Excellent analysis. You just made the case for what we now call "public media" which is essentially the emerging ecosystem built upon the public radio and television system.
What has made this system far more independent and trusted than is generally acknowledged in the civic debates is the wide funding base by individual contributors. Yet the firewalls between government and major philanthropies are also part of the system. All are constantly tested and so far have proven relatively secure. But one cost of such a dynamic tussle is the slow scaling of its journalistic effort.
News as a primary service to a mass audience has been demonstrated by public media for several decades but its consistent growth over that time (tripling the NPR audience in 20 years) is only now seen as a powerful, contributory force... yet it has a long way to go to serve the information needs of the greater society.
#1 Posted by Michael V Marcotte, CJR on Wed 16 Nov 2011 at 03:07 PM
Your analysis of the tea party groups and the OWS is fair.
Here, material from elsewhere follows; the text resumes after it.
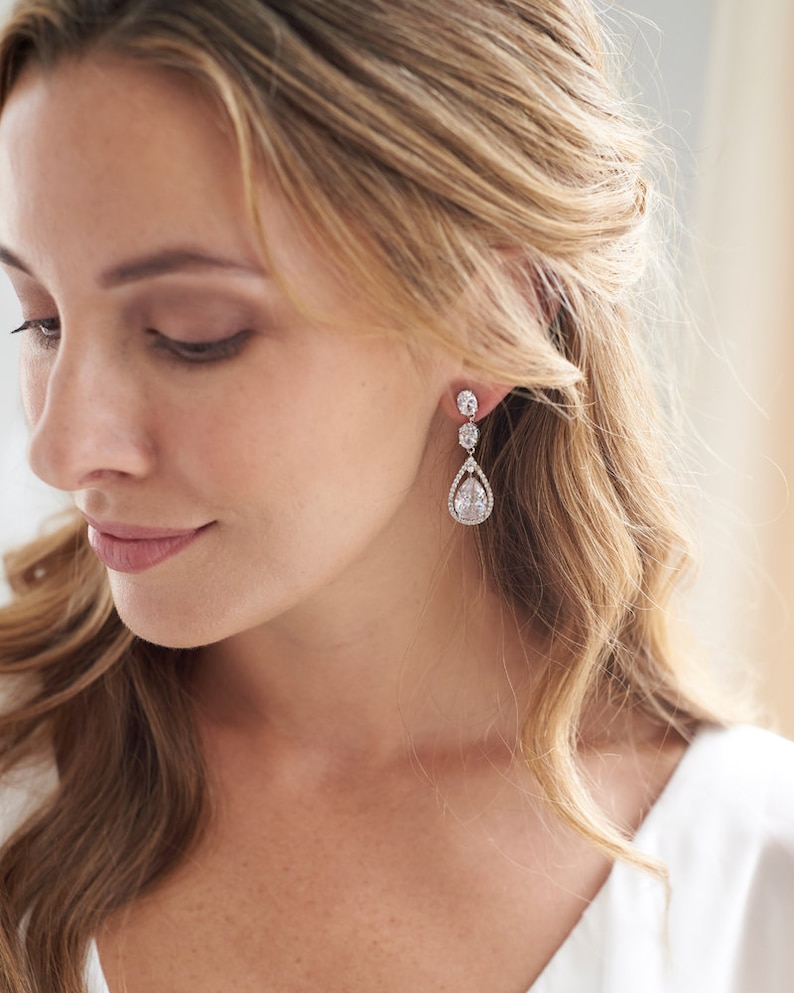May include: A pair of silver teardrop earrings with clear crystal stones. The earrings have a pear-shaped stone in the center, surrounded by smaller stones.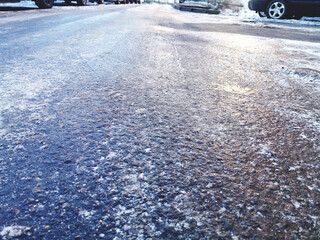 asphalt road covered with ice, slippery road winter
Still, it seems most people have trouble discerning "bad" wealthy from "good" wealthy. A simple distinction is in order. The REAL 1% are those entities that make their fortunes off the taxpayer via govt subsidy, license, monopoly, etc. They are centered at the Federal Reserve system and Treasury and expand outward therefrom, to Wall Street and beyond. They are more aptly called "the state." Billionaire Steve Jobs (R.I.P.), e.g., should not be considered a 1%er. He refused to lobby govt for favors and received no benefits; he won or lost his fortunes by his own feats or failures.
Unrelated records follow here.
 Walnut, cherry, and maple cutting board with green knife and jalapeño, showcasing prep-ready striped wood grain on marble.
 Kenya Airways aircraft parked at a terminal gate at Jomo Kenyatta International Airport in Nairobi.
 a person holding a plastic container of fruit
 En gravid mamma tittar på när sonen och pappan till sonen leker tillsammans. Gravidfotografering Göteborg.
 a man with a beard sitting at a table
And on the press topic, the most important questions are quite simple. Independent of whom, what? What is true independence if it is not independence from the state, its influence, its compulsion, its tyrannical majority? In a free society, news that is owned or funded by private individuals or groups is preferable to news that is beholden to the govt. At least private entities (those not propped up nor monopolized by the govt) have to compete honestly in the marketplace of innumerable factions and ideas; governments, and govt-connected or govt-subsidized entities, do not.